**Instructions to follow:** The records must be repeated exactly and in their entirety.

Recorded data:
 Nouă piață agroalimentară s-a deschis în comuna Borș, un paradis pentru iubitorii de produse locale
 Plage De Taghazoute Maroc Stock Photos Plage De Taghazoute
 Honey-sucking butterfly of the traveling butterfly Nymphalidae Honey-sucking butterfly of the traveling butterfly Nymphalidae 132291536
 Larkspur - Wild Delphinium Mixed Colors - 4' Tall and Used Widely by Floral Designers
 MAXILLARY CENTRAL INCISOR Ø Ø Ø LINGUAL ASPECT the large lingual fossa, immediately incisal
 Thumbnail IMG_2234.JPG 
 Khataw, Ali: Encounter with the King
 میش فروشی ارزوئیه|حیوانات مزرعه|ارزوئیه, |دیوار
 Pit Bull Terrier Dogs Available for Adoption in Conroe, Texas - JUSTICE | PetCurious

**Your solution:**
 Nouă piață agroalimentară s-a deschis în comuna Borș, un paradis pentru iubitorii de produse locale
 Plage De Taghazoute Maroc Stock Photos Plage De Taghazoute
 Honey-sucking butterfly of the traveling butterfly Nymphalidae Honey-sucking butterfly of the traveling butterfly Nymphalidae 132291536
 Larkspur - Wild Delphinium Mixed Colors - 4' Tall and Used Widely by Floral Designers
 MAXILLARY CENTRAL INCISOR Ø Ø Ø LINGUAL ASPECT the large lingual fossa, immediately incisal
 Thumbnail IMG_2234.JPG 
 Khataw, Ali: Encounter with the King
 میش فروشی ارزوئیه|حیوانات مزرعه|ارزوئیه, |دیوار
 Pit Bull Terrier Dogs Available for Adoption in Conroe, Texas - JUSTICE | PetCurious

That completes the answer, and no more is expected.